Novartis had one eye on the struggles its peers have encountered in the muscular dystrophy space when it decided to acquire Kate Therapeutics, according to the Big Pharma’s CEO.
The Swiss drugmaker signed off on $1.1 billion in a combination of upfront cash and potential milestone payments to buy the gene therapy biotech, it announced today. San Diego-based Kate is focused on preclinical programs aimed at Duchenne muscular dystrophy (DMD), facioscapulohumeral dystrophy (FSHD) and myotonic dystrophy type 1 (DM1).

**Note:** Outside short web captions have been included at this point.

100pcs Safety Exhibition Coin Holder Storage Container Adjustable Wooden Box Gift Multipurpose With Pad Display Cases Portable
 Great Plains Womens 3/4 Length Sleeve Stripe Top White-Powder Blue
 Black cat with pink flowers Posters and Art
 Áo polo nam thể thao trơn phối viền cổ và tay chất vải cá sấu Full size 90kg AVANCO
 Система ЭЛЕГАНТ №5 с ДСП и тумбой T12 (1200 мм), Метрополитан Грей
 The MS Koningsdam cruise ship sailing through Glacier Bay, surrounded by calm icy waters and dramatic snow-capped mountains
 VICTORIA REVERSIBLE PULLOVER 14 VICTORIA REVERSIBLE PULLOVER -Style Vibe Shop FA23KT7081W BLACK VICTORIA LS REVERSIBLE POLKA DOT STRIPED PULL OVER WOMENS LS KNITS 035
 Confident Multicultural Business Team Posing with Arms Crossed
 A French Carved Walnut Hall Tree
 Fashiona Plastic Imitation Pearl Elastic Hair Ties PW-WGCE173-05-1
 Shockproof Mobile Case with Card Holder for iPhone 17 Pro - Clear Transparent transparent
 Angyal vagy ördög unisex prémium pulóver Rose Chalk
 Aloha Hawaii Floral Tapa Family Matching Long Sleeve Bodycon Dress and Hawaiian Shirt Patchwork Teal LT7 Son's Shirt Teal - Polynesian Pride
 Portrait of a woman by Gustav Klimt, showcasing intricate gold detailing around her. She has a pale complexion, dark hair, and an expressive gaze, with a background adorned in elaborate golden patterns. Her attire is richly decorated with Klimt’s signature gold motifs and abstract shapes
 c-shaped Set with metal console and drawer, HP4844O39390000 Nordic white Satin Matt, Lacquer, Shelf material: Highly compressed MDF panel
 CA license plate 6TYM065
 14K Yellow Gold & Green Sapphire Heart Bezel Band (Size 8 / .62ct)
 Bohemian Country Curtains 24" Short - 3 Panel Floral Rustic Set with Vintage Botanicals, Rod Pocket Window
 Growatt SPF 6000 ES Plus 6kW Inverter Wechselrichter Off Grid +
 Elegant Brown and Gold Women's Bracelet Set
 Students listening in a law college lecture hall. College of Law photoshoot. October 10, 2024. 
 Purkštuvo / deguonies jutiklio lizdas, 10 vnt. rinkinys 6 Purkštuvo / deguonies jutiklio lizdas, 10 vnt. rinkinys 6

These programs have been developed using the biotech’s Directed Evolution of AAV Capsid Leveraging In Vivo Expression of Transgene RNA (DELIVER) platform to produce “liver de-targeted muscle-tropic capsids, which transduce both skeletal muscle and cardiac tissue with potency and selectivity in vivo, while avoiding the liver,” according to a Nov. 21 release.
This year has been a stark reminder of what tricky indications muscular dystrophies can be. Pfizer suffered a $230 million financial hit over the summer when its DMD gene therapy flunked a phase 3 trial while Fulcrum Therapeutics’ losmapimod encountered its own late-stage failure just four months after Sanofi bet $80 million on the FSHD candidate.
Explaining the thinking behind the Kate acquisition during his opening presentation at the Meet Novartis Management event in London this morning, CEO Vas Narasimhan, M.D., said the pharma is “very interested” in FSHD, DM1 and the other muscular dystrophies.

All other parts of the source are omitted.